The Bank Branches Analogy

Imagine a bank with 3 branches in different cities. Each branch has a copy of your account balance. You deposit $500 at the Mumbai branch. At the exact same moment, your spouse withdraws $300 at the Delhi branch. Both branches have the old balance ($1,000). Mumbai updates to $1,500. Delhi updates to $700. Which one is correct? Neither — the correct balance is $1,200. This is the fundamental problem of distributed systems: when multiple copies of data exist, and updates happen at different places at the same time, how do you keep everything consistent?
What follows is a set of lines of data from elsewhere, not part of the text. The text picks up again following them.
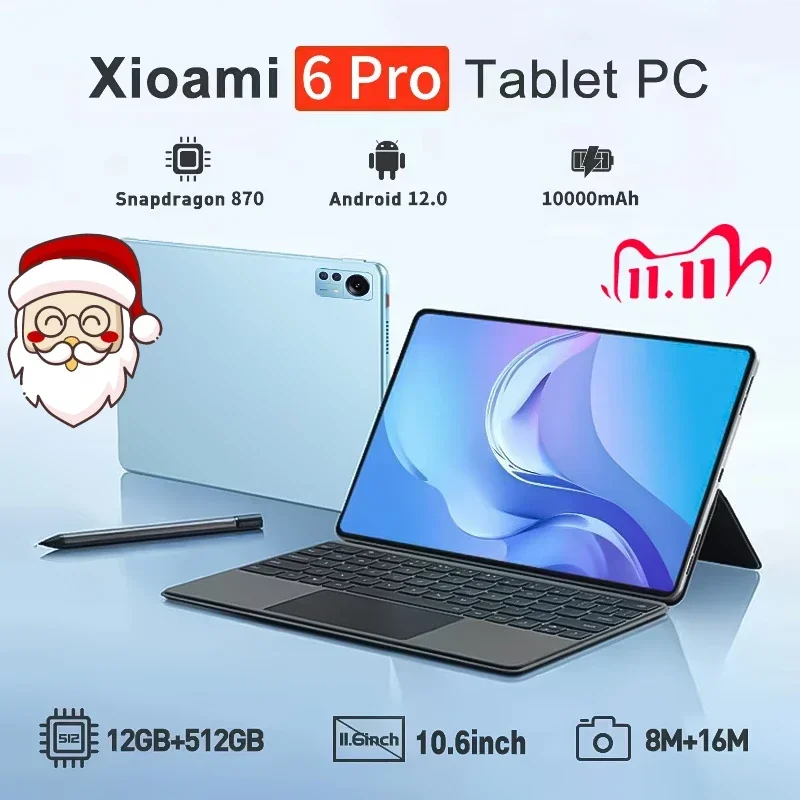 2024 Original Global Version Tablet Android Pad 6 Pro Tablets PC 5G Dual SIM Card or WIFI HD 4K MiTad 12GB+512GB Snapdragon 870
2024 Original Global Version Tablet Android Pad 6 Pro Tablets PC 5G Dual SIM Card or WIFI HD 4K MiTad 12GB+512GB Snapdragon 870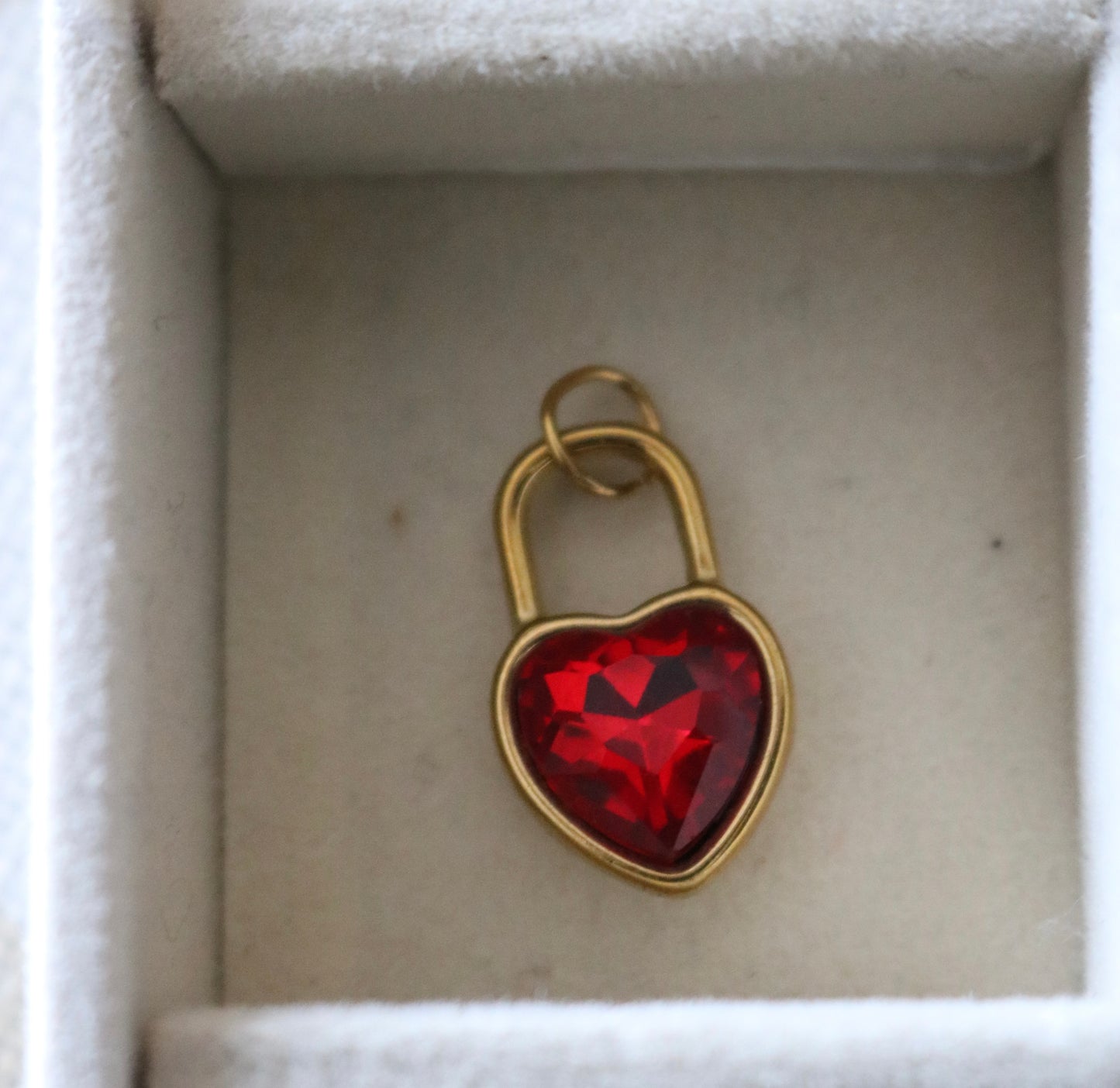 Red Locket Heart Charm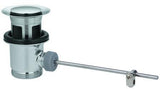 GROHE Ablaufgarnitur 1 1/4 Zoll für Waschtisch mit Überlauf – Chrom, Messing, Hebemechanismus
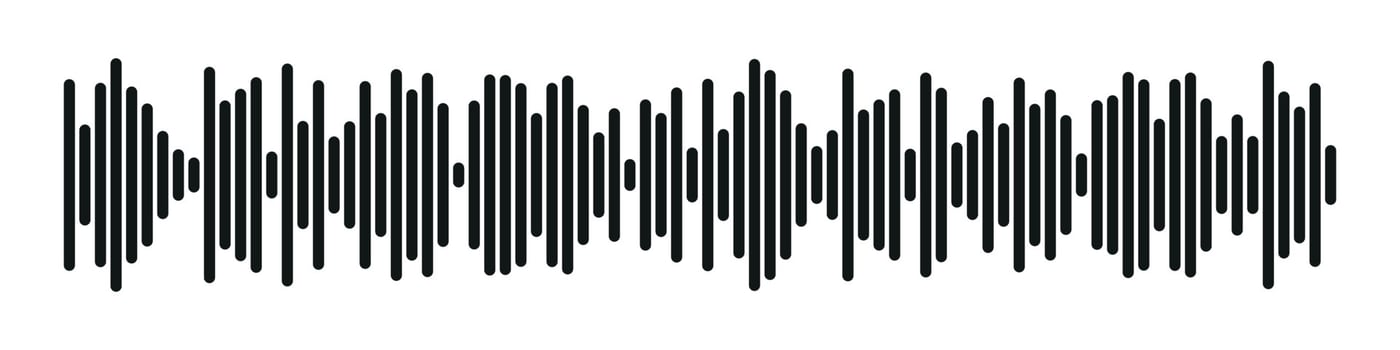 Sound radio form. abstract music audio soundwave. Vector isolated illustration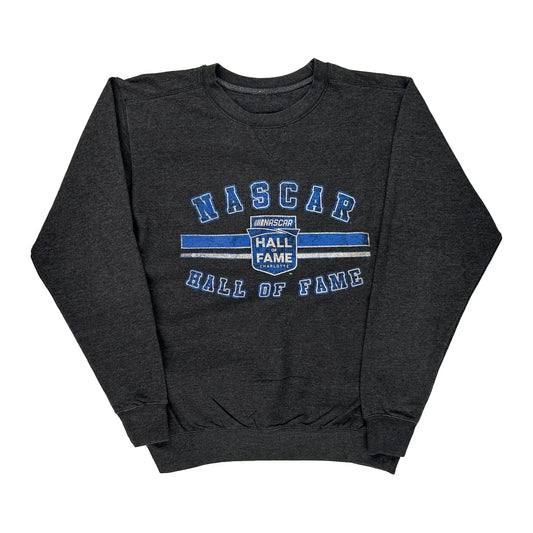 Hall Of Fame Nascar Sweatshirt - Medium Grey Cotton Blend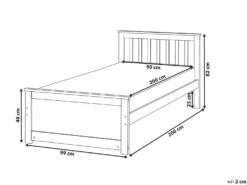 Seng Fyretræ OLENDON 90 x 200 cm Hvid
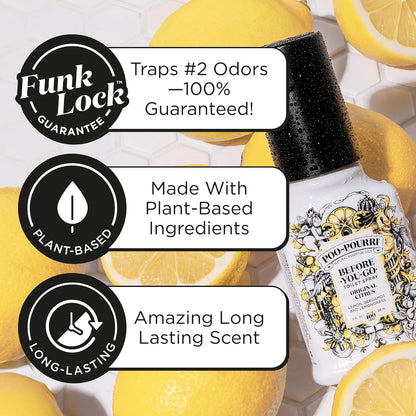 Poo-Pourri Before-You-Go Toilet Spray Refill, Original Citrus, 16 Fl Oz, Up to 800 Uses, Bathroom Odor Deodorizer with Essential Oils for Home or Work, Lemon, Bergamot and Lemongrass Scent
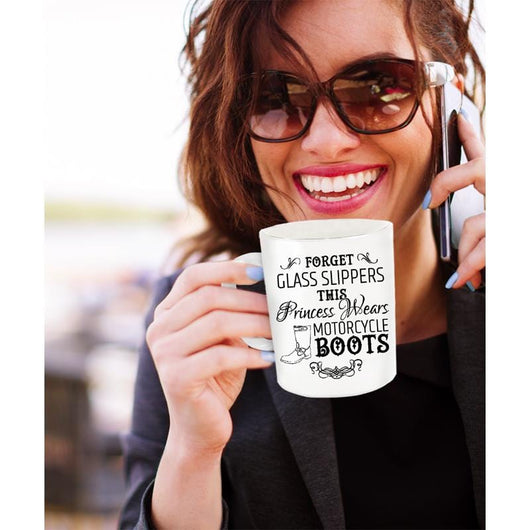 Princess Wears Motorcycle Boots Womens Novelty Mug, mugs - Daily Offers And Steals
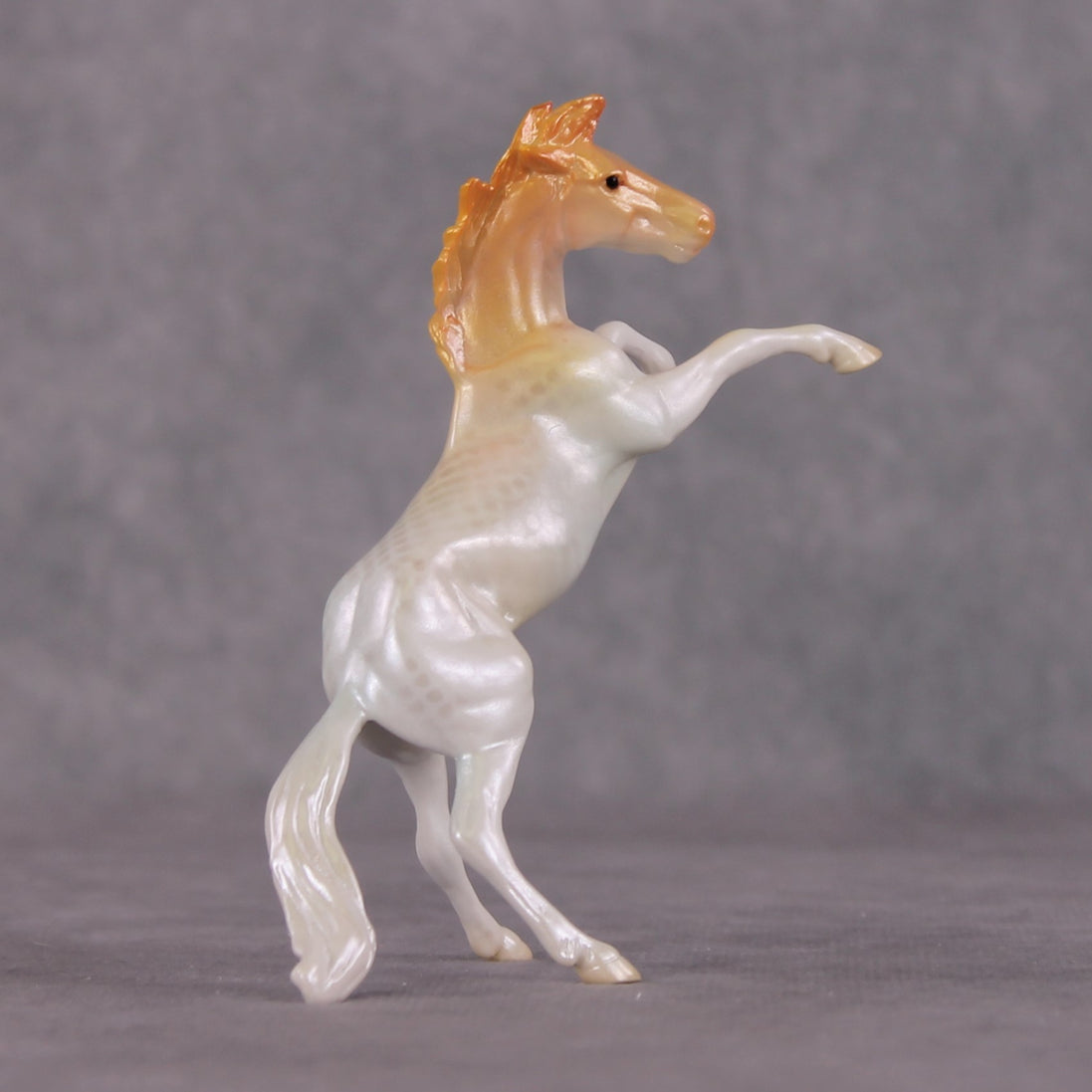 "Delta" OOAK Glossy Guppy Fish Inspired Rearing Chip by Jess Hamill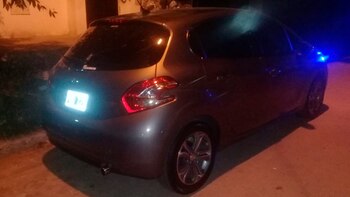 El Peugeot donde se encontró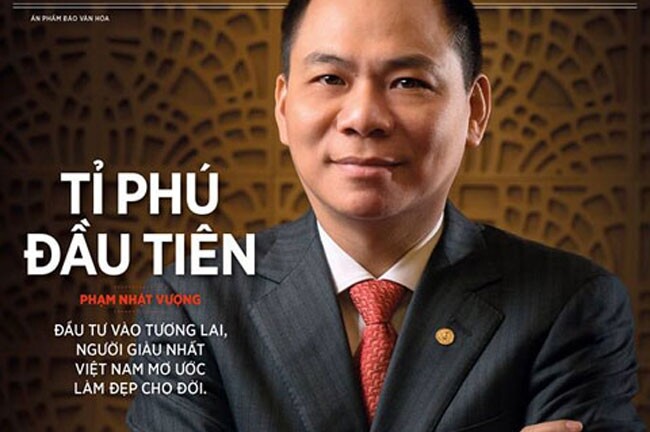 Phạm Nhật Vượng tiếp tục bứt phá trong top tỷ phú của Forbes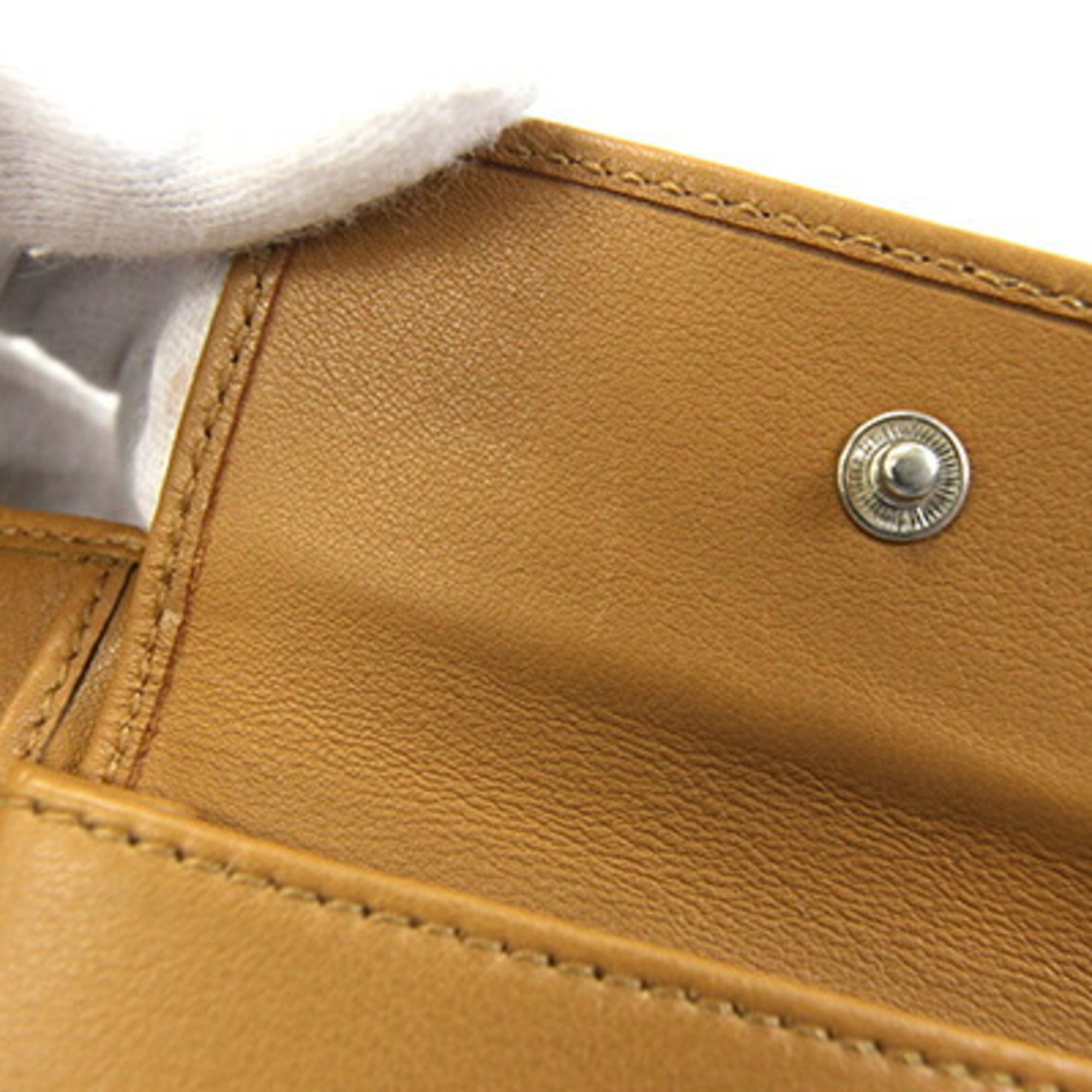 Gucci Light Brown Leather Wallet (Bi-Fold) (Pre-Owned)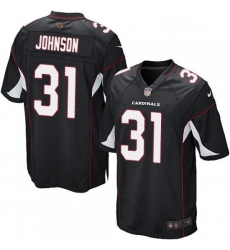 Men Nike Arizona Cardinals 31 David Johnson Game Black Alternate NFL Jersey Men Nike Arizona Cardinals 31 David Johnson Game Black Alternate NFL Jersey
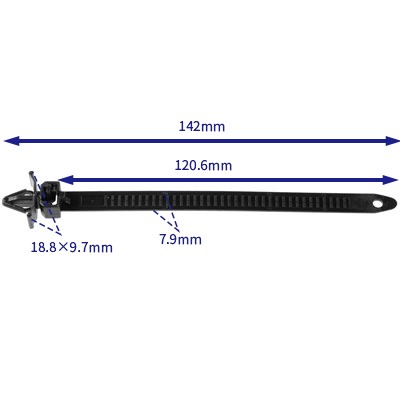 汽车卡扣紧固件(100个/包) 马自达:9928-91-053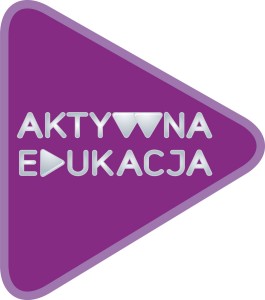 AKTYWNA EDUKACJA WD logo violet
The core tension: we replicate data for reliability and performance, but replication introduces the possibility of conflicting updates, stale reads, and disagreement between nodes. Consistency and consensus are the tools we use to manage this tension.

🔥 Key Insight

Distributed systems are hard not because the algorithms are complex, but because the physical world is unreliable. Networks drop packets. Machines crash. Clocks drift. Any solution must work correctly despite these failures — and that's what makes it fundamentally different from single-machine programming.

02

Consistency & Consensus Overview

🔄

Consistency

All nodes see the same data at the same time. When you write a value, every subsequent read (from any node) returns that value. The question: how strict is 'same time'?

🤝

Consensus

All nodes agree on a single value or decision. Even if some nodes fail or messages are delayed, the remaining nodes reach agreement. The mechanism that enables consistency.

Why We Replicate Data

🛡️

Fault Tolerance

If one machine dies, the data still exists on other machines. No single point of failure. A 3-replica system survives 2 machine failures.

Read Performance

Multiple replicas can serve reads in parallel. A user in Tokyo reads from a Tokyo replica instead of a Virginia server. Lower latency, higher throughput.

🌍

Geographic Distribution

Data close to users worldwide. A global service needs replicas in multiple regions so users don't wait for cross-continent round trips.

Problems Introduced by Replication

⚔️ Conflicts

Two users update the same data on different replicas simultaneously. Which update wins? How do you merge them?

⏳ Delays

Replication takes time. A write to Node A hasn't reached Node B yet. A read from Node B returns stale data.

💥 Failures

A network partition splits nodes into groups that can't communicate. Each group might accept conflicting writes.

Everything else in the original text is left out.